Saturday, June 29, 2019

Short Film Spotlight: BREATHE (2019)


Welcome back to another installment of SHORT FILM SPOTLIGHT, where I highlight some of the best short films out there.  This week, I take a look at the powerfully dramatic short film... BREATHE.

I recently discovered this brilliant and emotional short film after listening to the writer and director, Devon Stewart, talk about it on an episode of a podcast I listen to called Collider Live. He spoke about this being his directorial debut, and if I hadn’t known that, I never would have guessed it. Breathe is a stunning piece of filmmaking, on every level. Devon Stewart proved that he is made for this, as his eye for composition and his ability to pull emotion from the audience is blatantly evident here.


Here is the official synopsis for Breathe: Star Tristin Mays plays Charlotte, a woman battling her own inner demons as she pursues a questionable relationship against the wishes of her mother.  This is just the tip of the iceberg, and if you haven’t watched the film yet, do so now because I’m about to head into spoiler territory...

SPOILERS!!!  You have been warned.




At the beginning of this film, it’s set up to make you think Charlotte, played by the amazingly talented Tristin Mays, who you may know from the current iteration of MacGyver where she plays Riley, is in an abusive relationship, as evident from the massive shiner on her left eye.  Her behaviors are indicative of abuse (depressed state, lack of appetite, hostility toward others), and are portrayed masterfully by Mays.  But as the film progresses, it seems as though there’s something more going on.

We see a snippet of a flashback of Charlotte being attacked while on her way home from her mother’s house. We learn this took place a year ago, but we are led to believe that perhaps she has become some sort of sex slave, in servitude to her attacker, possibly by threat of harm either to herself, or her loved ones. Or at least that’s how I interpreted it. She’s obviously suffering from some severe PTSD, and, like many abuse victims, it seems like she isn’t handling it well. It’s not totally clear, and that’s the beauty of this entire film. Not knowing the whole truth forces you to try to fill in the gaps, and the mind can conjure up all sorts of scenarios.

But then we reach the end, and the truth is revealed. Charlotte isn’t in an abusive relationship. In fact, it’s quite the opposite, as she has taken it upon herself to learn how to defend against any future attack by taking up boxing. This was an extremely powerful moment for me as there are people in my life, loved ones, who have suffered through similar ordeals as Charlotte. Some were able to get back up and push forward with life, taking charge so it never happens again, and some crumpled in on themselves. I see Charlotte as teetering on the edge of both.  She’s trying to take back her strength, take back her identity, her self, but her emotions, her anger, are driving her downward in a bit of a spiral. And her coach sees that. She still has a lot of work to do, and probably always will, but it’s how she goes about dealing with it all that matters.

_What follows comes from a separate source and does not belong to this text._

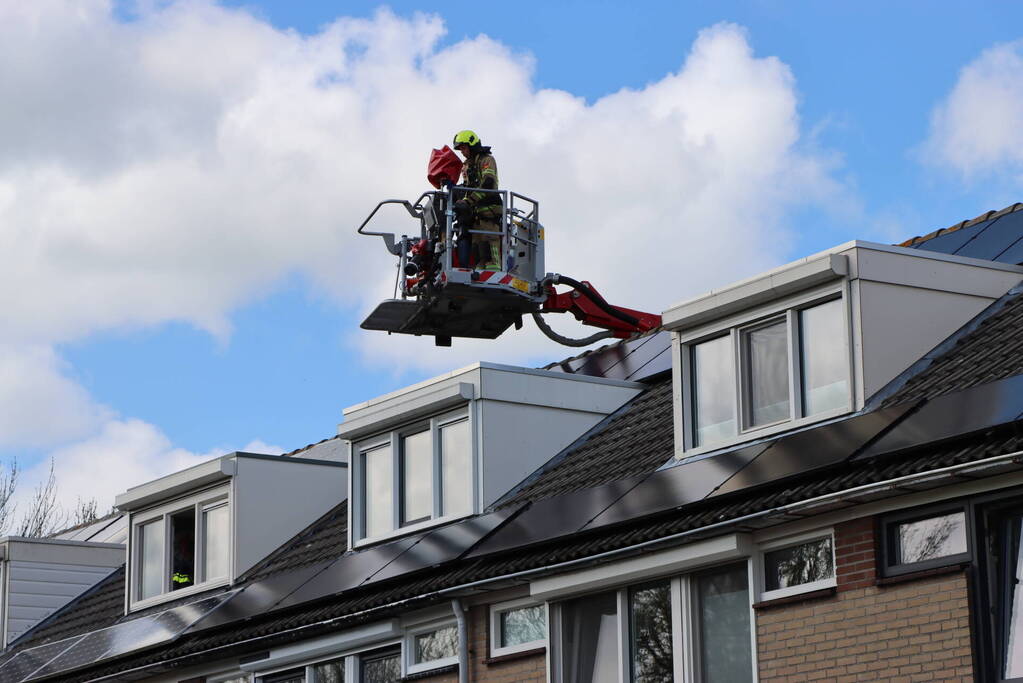 Twee personen op dak van woning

This was a truly beautiful film, and was even more poignant on the second watch. Knowing the truth, you see more of the picture, you better understand the reactions from Charlotte’s mom and brother, and from Charlotte herself. It paints a bigger picture of a woman who was broken, but is trying desperately to put herself back together on her own terms.  It’s powerful, it’s emotional, and it’s a film that everyone should see. I look forward to seeing what’s next from Devon Stewart, because if it’s anywhere near as good as Breathe, it’ll be worth the watch.